Anyone know of an API (php preferable but I'd be interested in any language) for creating wiki-like data storage?
How about any resources on rolling your own plaintext wiki? How do other plaintext wikis handle the format of the text file?
I understand I can use Markdown or Textile for the formatting. But what I'm most interested in is how to approach the plaintext storage of multi-user edits.
I'm writing a web application that is primarily database driven. I want at least one text field of this database to be in a wiki-like format. Specifically, this text can be edited by multiple users with the ability to roll back to any version. Think the wiki/bio section of Last.FM (almost the entire site is strictly structured by a database except for this one section per artist).
So far, my approach of taking apart MediaWiki and wedging it into a database seems like overkill.
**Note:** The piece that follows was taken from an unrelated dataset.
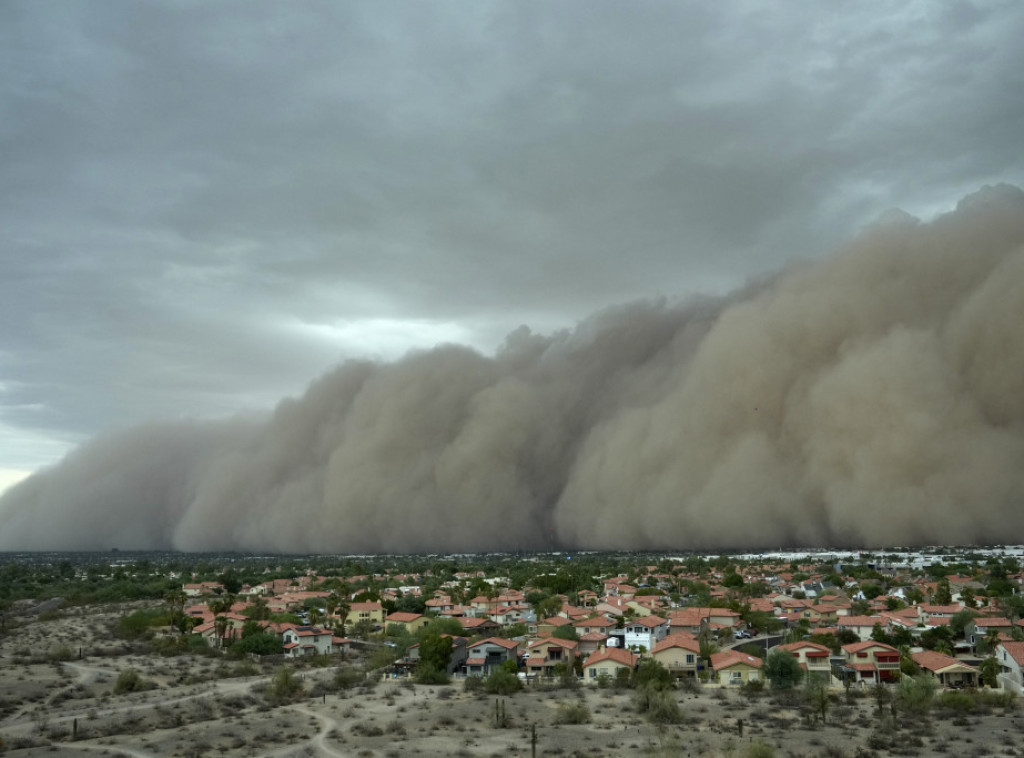 Peščana oluja pogodila Finiks, hiljade domaćinstava bez struje, letovi odloženi
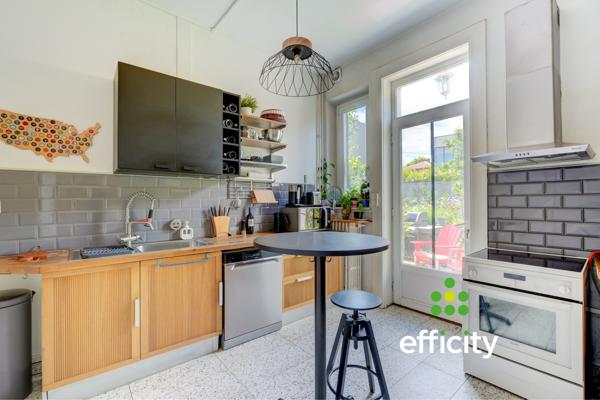 Maison
         5 pièces
        - 123 m² 550 000 € *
I'm thinking it would be much easier to roll my own plaintext wiki, and store this file in the database's appropriate text field.
So, basically this is a "how do I version text information in my DB".
Well, the simplest way is simply copying the data.
Simply, create a "version" table that holds "old versions" of the data, and link it back to your main table.
create table docs {
id integer primary key not null,
version integer not null,
create_date date,
change_date date,
create_user_id integer not null references users(id),
change_user_id integer references users(id),
text_data text
}
create table versions {
id integer primary key not null,
doc_id integer not null references docs(id),
version integer,
change_date date,
change_user integer not null references users(id),
text_data text
}
Whenever you update your original document, you copy the old text value in to this table, copy the user and change date and bump the version.
select version, change_date, change_user, text_data
into l_version, l_change_data, l_change_user, l_text_data
from docs where id = l_doc_id;
insert into versions values (newid, l_doc_id, l_version,
l_change_date, l_change_user, l_text_data);
update docs set version = version + 1, change_date = now,
change_user = cur_user, text_data = l_new_text where id = l_doc_id;
You could even do this in a trigger if your DB supports those.
Faults with this method are that its a full copy of the data (so if you have a large document, the version stay large). You can mitigate that by using something like diff(1) and patch(1).
For example:
diff version2.txt version1.txt > difffile
Then you can store that difffile as "version 1".
In order to recover version 1 from version 2, you grab the version 2 data, run patch on it using the diff file data, and that gives you v1.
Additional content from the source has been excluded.